→ **What is expected**
In the listing that follows, locate the line containing "在北京禾美嘉整形脸部脂肪填充价格和4天图片案例" and the line containing "Seborrheic Warts Removal". Retype exactly those two lines and every line between them, and nothing more.

→ **Given records**
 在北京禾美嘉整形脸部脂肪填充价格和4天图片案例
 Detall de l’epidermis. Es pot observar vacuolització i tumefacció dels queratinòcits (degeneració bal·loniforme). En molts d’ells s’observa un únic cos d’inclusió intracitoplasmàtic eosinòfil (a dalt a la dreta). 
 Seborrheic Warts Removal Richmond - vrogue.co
...
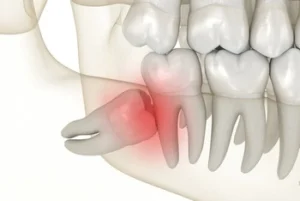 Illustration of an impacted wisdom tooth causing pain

→ **Solution to the exercise**
 在北京禾美嘉整形脸部脂肪填充价格和4天图片案例
 Detall de l’epidermis. Es pot observar vacuolització i tumefacció dels queratinòcits (degeneració bal·loniforme). En molts d’ells s’observa un únic cos d’inclusió intracitoplasmàtic eosinòfil (a dalt a la dreta). 
 Seborrheic Warts Removal Richmond - vrogue.co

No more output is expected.